Os endereços da Faria Lima onde os casos Master e PCC se cruzam

Gestora de fundos investigada por ligação com esquema de lavagem do PCC compartilhou endereço com o Banco Master

O 11º andar da torre A do edifício Pátio Victor Malzoni, na avenida Faria Lima — vitrine do poder financeiro paulistano —, aparece em documentos oficiais como endereço vinculado ao Banco Master e à gestora de fundos Trustee DTVM. A Trustee, que prestava serviços ao Banco Master, é citada tanto em investigações da Polícia Federal que envolvem a instituição controlada por Daniel Vorcaro quanto em denúncias sobre o esquema de lavagem de dinheiro atribuído ao Primeiro Comando da Capital (PCC).

O empresário Maurício Quadrado, sócio da Trustee DTVM desde 2022, comandou a área de investimentos do Banco Master entre setembro de 2020 e setembro de 2024. Um levantamento do ICL Notícias em relatórios da Comissão de Valores Mobiliários (CVM), documentos públicos da Receita Federal e atas de assembleias mostra que a gestora e o Banco Master de Investimentos S/A dividiram o mesmo endereço na Faria Lima.

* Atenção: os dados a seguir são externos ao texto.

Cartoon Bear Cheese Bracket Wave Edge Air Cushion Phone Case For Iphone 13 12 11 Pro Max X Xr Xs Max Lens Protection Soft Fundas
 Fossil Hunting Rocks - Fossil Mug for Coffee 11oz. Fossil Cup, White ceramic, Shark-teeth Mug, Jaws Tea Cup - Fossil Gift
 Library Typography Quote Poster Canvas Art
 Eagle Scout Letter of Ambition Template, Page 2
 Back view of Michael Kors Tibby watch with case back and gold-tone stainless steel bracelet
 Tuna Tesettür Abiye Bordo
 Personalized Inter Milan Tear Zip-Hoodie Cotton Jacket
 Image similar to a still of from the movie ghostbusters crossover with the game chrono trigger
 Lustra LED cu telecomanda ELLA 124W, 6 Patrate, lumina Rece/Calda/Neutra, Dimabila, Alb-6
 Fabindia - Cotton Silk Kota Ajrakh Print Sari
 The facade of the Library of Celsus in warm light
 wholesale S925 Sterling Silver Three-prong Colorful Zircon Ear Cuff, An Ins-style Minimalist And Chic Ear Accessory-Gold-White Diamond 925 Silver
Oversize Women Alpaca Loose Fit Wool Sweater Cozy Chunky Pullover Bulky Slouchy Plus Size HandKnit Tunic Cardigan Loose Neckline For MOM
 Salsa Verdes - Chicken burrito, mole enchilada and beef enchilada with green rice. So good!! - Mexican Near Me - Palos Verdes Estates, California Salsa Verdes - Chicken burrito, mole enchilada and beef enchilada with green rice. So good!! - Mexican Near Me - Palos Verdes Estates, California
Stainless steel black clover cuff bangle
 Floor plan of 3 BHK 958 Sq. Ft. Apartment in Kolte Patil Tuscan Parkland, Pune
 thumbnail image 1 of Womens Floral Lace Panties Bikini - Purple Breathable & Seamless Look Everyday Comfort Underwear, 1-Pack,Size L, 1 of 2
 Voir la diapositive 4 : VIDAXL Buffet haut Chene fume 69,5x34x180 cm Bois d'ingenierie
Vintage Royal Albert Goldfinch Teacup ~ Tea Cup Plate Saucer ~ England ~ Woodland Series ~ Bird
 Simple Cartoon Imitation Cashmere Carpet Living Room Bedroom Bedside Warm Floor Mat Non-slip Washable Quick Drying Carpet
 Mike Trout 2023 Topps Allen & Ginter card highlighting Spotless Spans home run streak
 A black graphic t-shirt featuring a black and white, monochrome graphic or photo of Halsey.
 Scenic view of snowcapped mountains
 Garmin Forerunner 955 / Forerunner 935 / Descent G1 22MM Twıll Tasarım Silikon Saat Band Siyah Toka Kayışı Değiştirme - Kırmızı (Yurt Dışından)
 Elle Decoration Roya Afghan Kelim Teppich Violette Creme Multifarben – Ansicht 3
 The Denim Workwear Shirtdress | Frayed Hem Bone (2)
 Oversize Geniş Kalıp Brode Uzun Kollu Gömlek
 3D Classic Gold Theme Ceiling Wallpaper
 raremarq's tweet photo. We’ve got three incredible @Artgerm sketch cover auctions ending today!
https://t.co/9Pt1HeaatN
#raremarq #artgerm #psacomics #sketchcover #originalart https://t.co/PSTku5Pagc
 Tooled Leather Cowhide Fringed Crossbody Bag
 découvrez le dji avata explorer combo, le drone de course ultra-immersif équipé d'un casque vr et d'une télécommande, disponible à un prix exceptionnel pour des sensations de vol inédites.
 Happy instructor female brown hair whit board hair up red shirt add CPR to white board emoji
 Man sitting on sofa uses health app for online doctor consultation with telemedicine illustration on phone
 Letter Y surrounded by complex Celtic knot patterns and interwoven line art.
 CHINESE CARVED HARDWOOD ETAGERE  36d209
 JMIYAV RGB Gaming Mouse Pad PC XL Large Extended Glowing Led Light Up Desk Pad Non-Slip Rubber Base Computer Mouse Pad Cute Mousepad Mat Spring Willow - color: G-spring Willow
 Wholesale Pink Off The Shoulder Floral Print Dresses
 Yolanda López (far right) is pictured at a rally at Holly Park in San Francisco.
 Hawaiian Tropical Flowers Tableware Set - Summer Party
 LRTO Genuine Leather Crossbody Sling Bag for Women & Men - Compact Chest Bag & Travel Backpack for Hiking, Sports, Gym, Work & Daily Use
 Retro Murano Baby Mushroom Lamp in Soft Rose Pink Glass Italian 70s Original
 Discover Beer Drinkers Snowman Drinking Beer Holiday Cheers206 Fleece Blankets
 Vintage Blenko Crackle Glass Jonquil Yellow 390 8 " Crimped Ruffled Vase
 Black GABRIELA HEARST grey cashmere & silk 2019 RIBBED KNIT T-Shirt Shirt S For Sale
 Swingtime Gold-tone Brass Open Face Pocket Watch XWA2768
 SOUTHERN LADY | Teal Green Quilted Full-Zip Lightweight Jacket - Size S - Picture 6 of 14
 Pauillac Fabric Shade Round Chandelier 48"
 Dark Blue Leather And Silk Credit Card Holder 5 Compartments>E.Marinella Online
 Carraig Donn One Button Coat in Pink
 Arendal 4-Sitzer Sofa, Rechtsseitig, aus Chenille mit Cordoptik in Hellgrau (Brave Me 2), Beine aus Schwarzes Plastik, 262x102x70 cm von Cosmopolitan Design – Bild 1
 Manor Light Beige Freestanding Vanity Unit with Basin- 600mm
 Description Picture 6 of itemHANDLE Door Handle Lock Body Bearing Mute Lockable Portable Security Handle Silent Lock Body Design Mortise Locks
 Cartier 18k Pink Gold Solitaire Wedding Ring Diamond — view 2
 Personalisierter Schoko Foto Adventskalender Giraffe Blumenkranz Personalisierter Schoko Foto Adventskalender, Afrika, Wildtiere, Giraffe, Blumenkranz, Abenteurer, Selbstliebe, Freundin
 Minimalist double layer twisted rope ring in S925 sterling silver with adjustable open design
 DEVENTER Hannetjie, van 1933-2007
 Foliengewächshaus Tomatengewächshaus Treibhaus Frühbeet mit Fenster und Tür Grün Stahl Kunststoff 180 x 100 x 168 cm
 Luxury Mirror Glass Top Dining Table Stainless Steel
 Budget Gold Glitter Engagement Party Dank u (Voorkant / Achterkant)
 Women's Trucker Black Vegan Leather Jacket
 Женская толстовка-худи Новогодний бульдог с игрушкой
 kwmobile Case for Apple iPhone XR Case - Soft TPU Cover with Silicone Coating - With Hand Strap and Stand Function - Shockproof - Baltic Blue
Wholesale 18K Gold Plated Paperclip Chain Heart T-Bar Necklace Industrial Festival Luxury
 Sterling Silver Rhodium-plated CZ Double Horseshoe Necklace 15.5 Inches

A reportagem esteve na sexta-feira (16) no local e uma funcionária do edifício confirmou que ambas as empresas funcionavam ali, mas, de acordo com ela, se mudaram há cerca de um ano.

Por meio de nota, a defesa de Daniel Vorcaro informou que “a utilização do mesmo endereço decorreu exclusivamente de contrato regular de compartilhamento de espaço comercial, prática comum no mercado financeiro, que não implica vínculo societário, operacional ou ingerência entre as partes”.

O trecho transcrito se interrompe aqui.